▸ **ASSIGNMENT**
Pictures excluded, please transcribe exactly the lines from the one with "Lembar Penilaian PENILAIAN AFEKTIF" through the end of the records below, and nothing more.

▸ **PROVIDED MATERIAL**
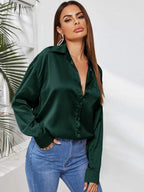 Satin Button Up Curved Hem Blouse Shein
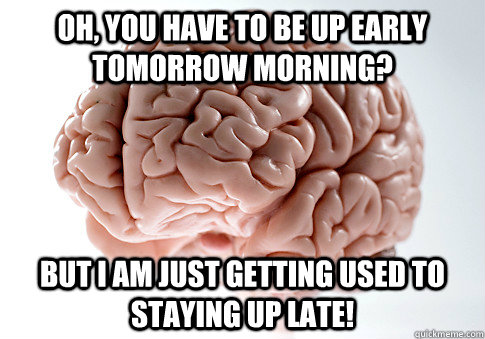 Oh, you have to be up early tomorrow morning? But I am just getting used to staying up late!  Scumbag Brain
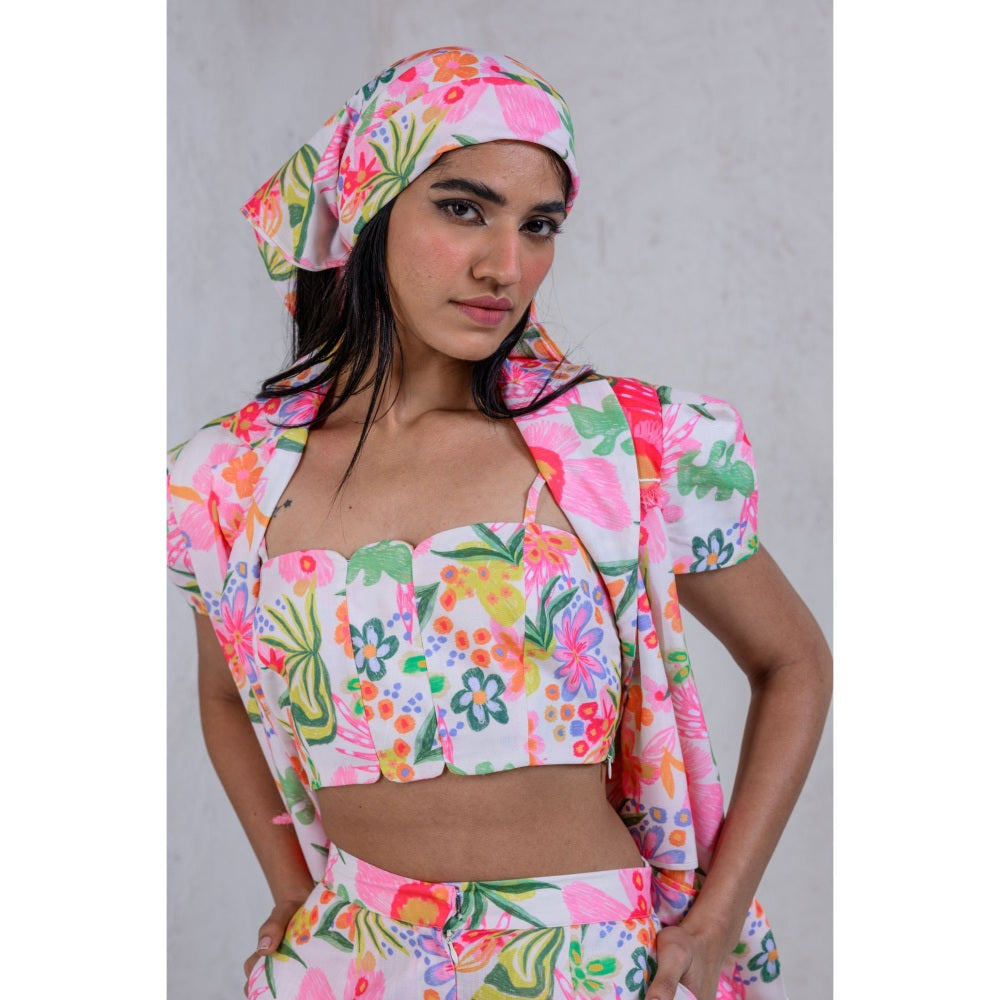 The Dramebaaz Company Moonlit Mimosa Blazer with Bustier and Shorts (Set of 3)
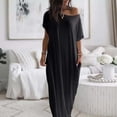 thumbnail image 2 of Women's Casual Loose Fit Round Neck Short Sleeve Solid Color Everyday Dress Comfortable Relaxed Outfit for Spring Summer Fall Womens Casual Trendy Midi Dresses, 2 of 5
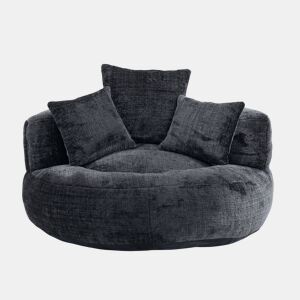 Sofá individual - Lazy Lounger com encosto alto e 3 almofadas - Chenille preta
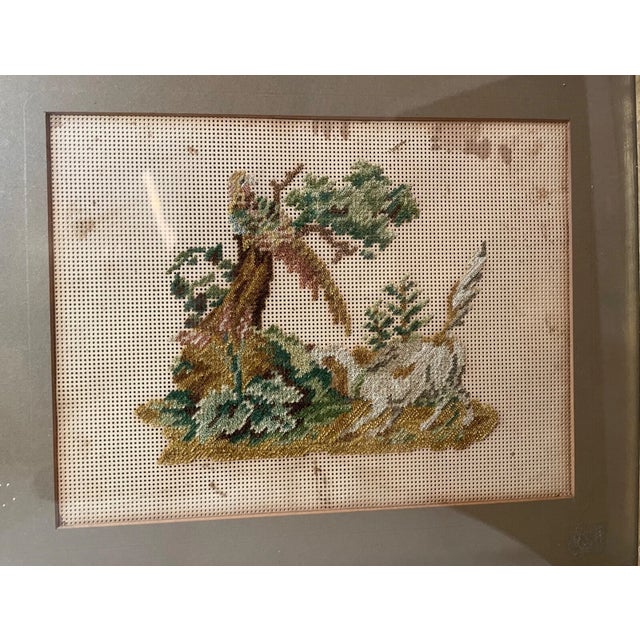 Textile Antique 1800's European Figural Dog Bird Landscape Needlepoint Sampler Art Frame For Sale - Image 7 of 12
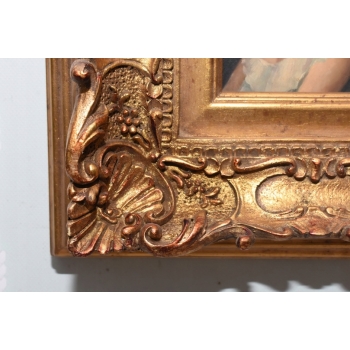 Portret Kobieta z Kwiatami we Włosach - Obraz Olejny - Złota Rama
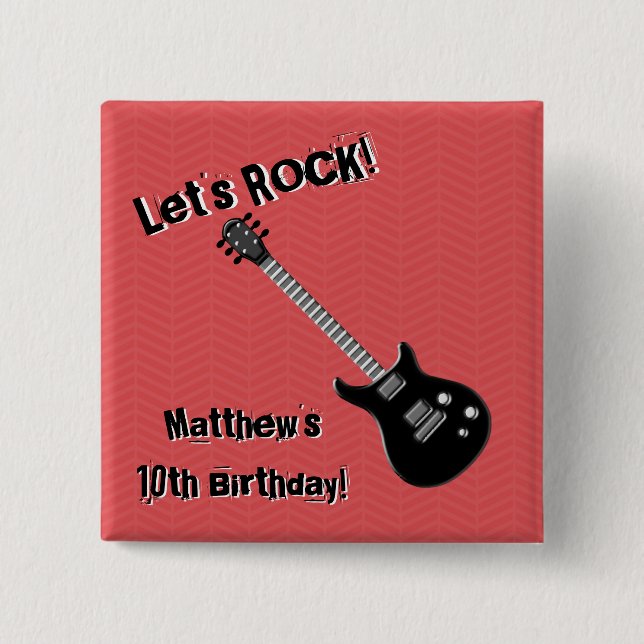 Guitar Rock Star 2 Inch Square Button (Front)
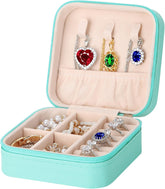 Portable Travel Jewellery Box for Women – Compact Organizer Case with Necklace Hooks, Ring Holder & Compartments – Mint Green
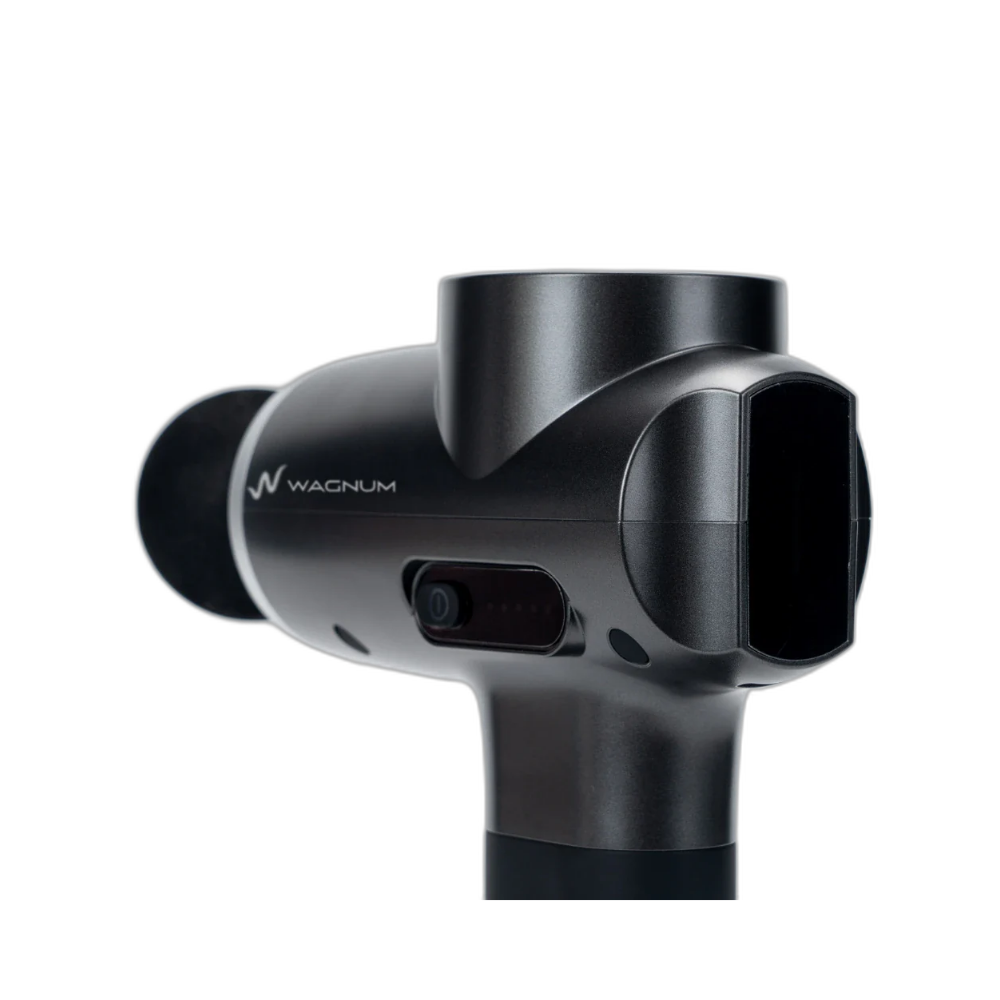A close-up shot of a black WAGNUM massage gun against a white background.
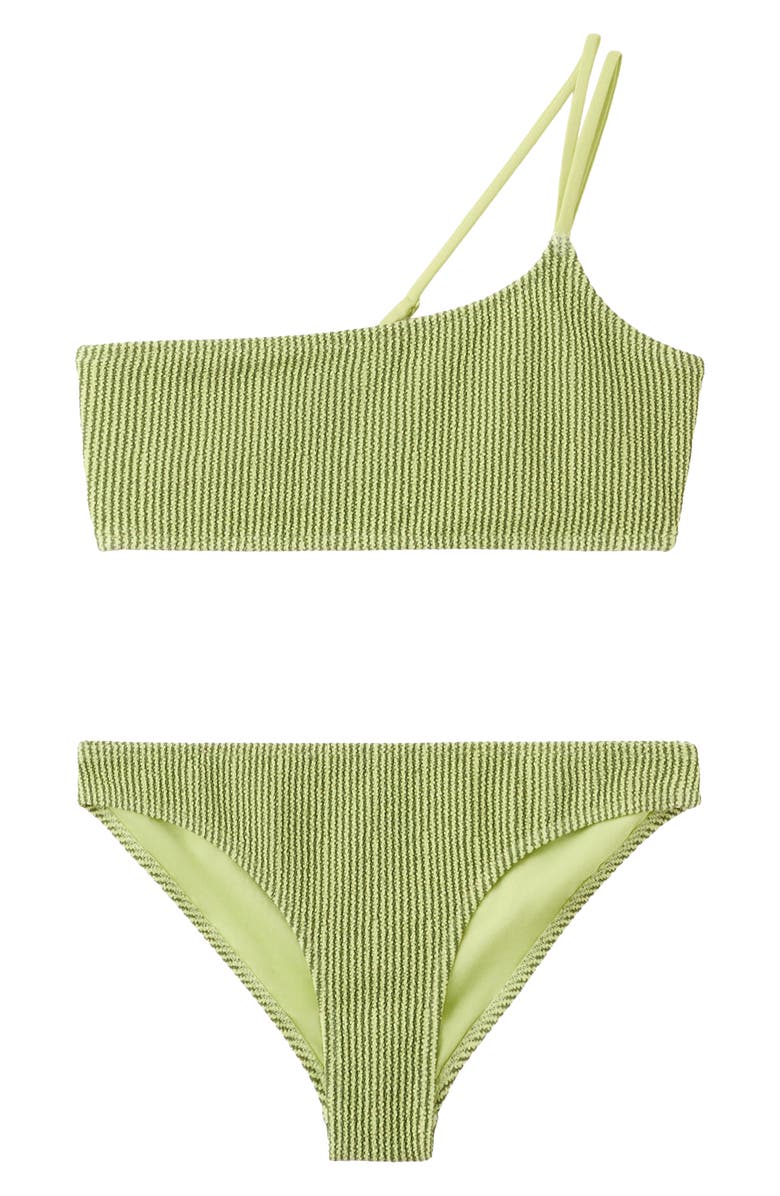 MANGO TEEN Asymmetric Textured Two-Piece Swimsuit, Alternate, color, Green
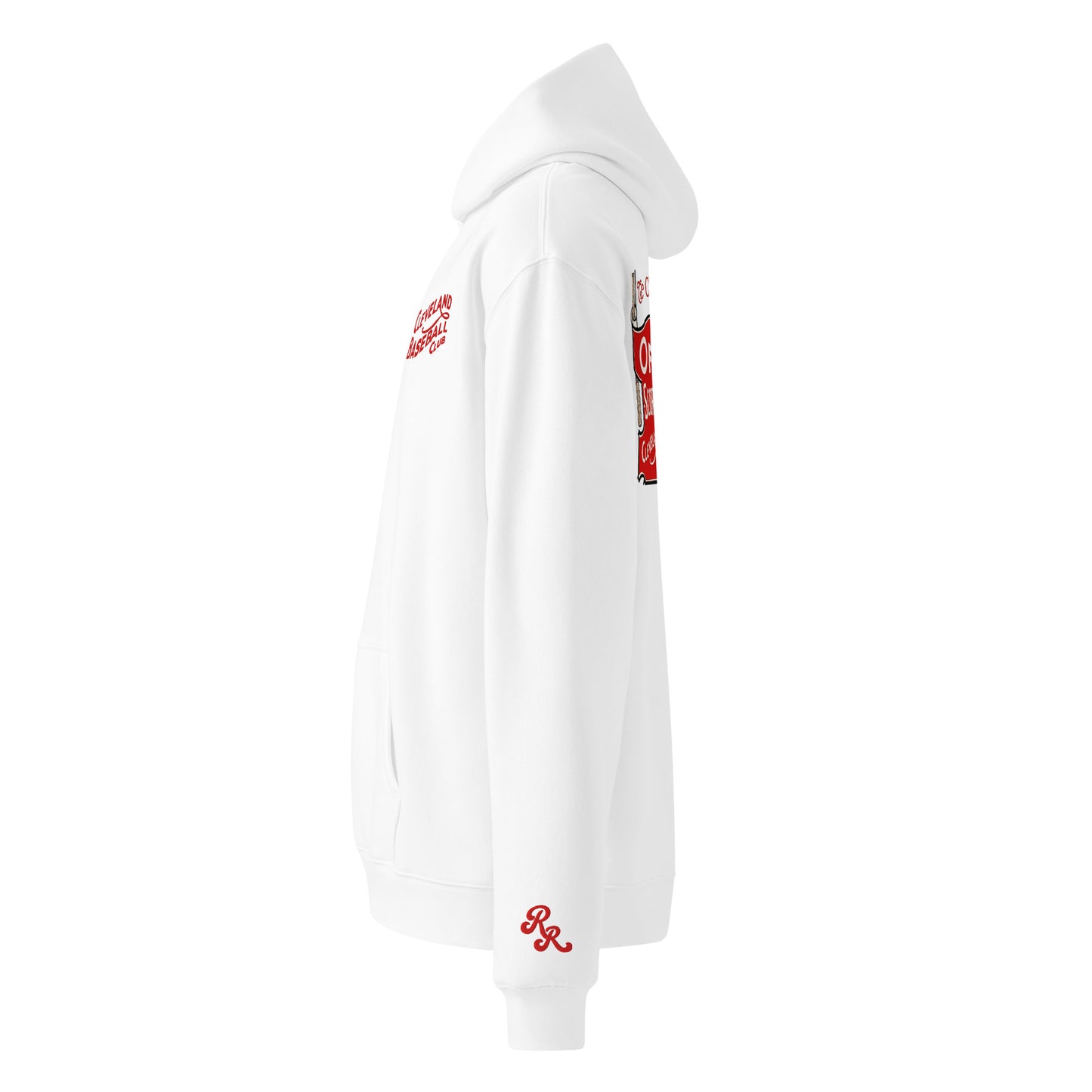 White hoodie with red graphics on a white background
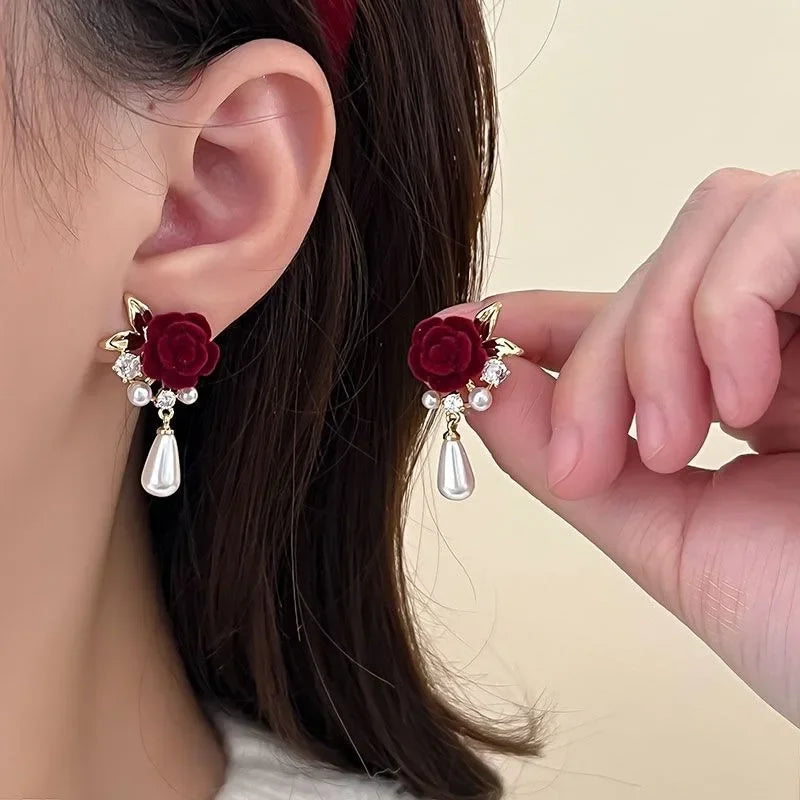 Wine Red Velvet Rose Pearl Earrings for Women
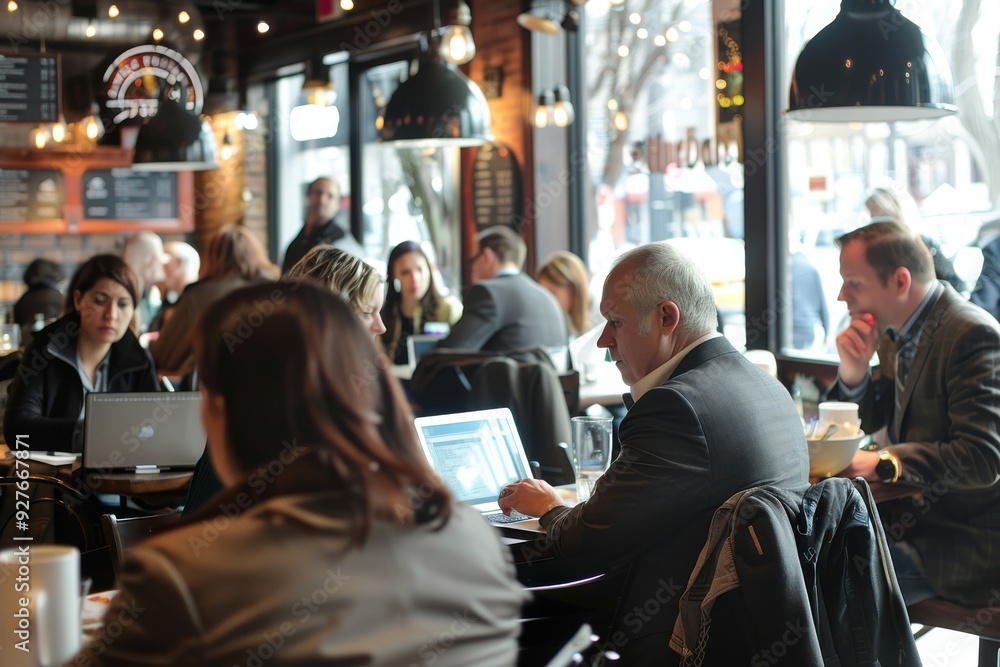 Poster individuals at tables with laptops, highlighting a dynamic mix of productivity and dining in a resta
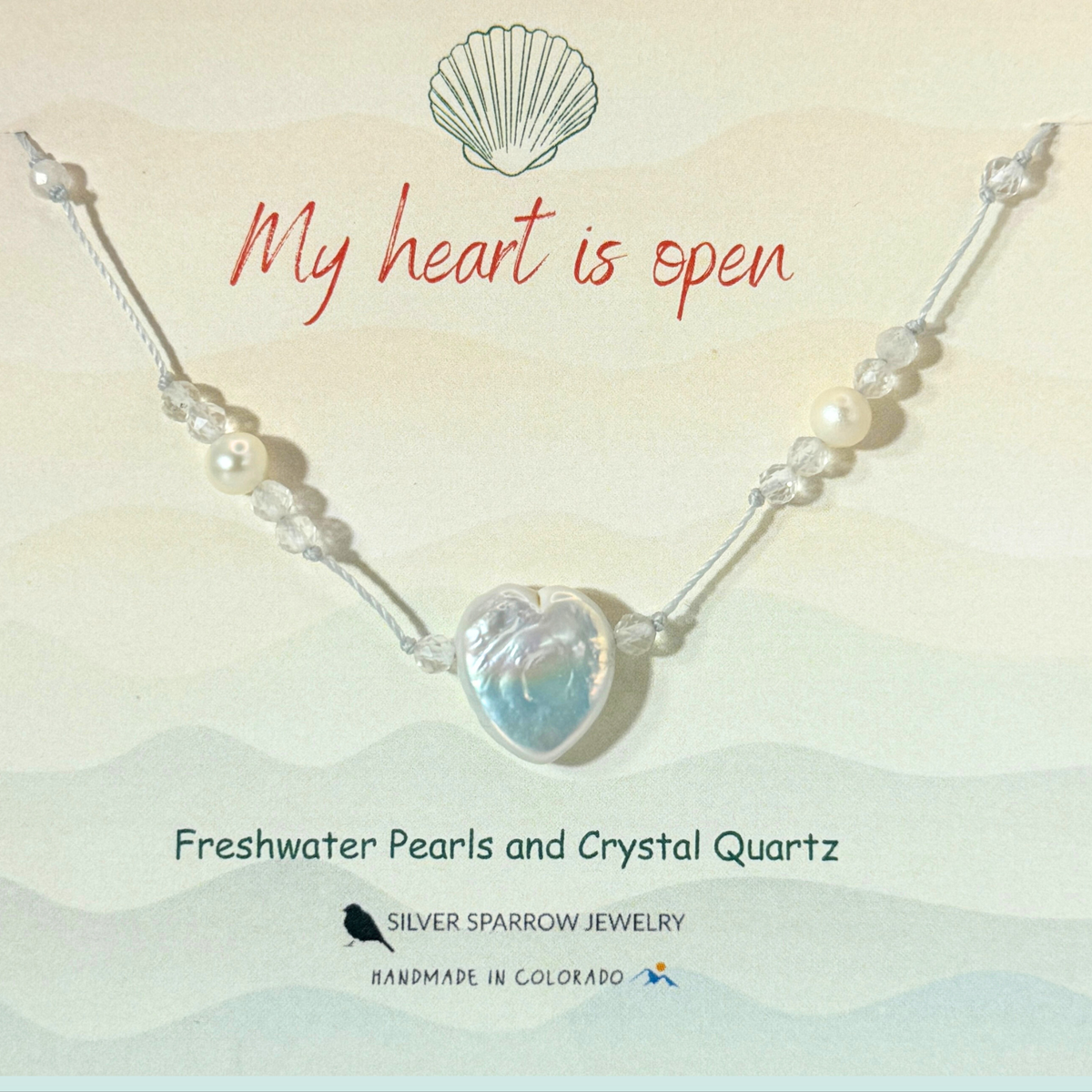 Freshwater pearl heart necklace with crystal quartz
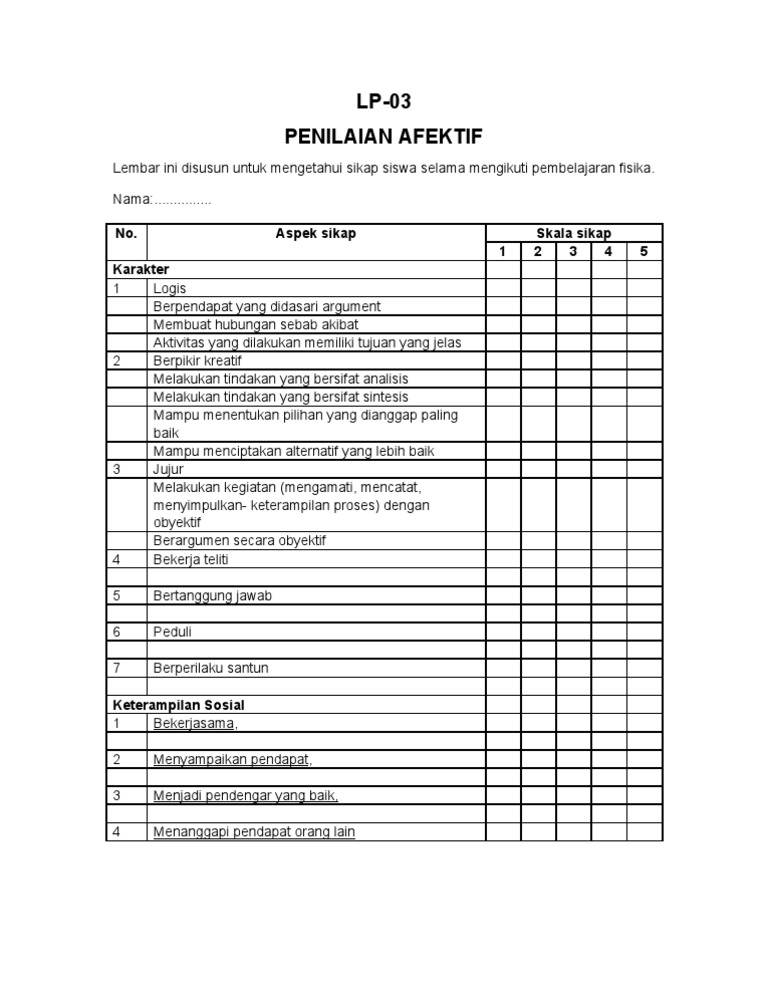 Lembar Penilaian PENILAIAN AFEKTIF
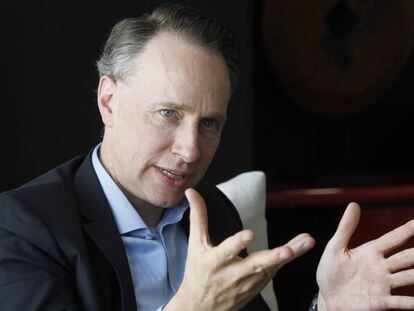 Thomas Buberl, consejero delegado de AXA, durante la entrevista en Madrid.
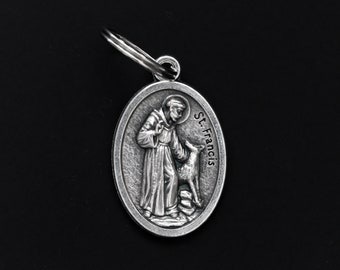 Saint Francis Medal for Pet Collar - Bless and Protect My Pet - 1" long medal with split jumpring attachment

▸ **RESPONSE**
 Lembar Penilaian PENILAIAN AFEKTIF
 Thomas Buberl, consejero delegado de AXA, durante la entrevista en Madrid.
 Saint Francis Medal for Pet Collar - Bless and Protect My Pet - 1" long medal with split jumpring attachment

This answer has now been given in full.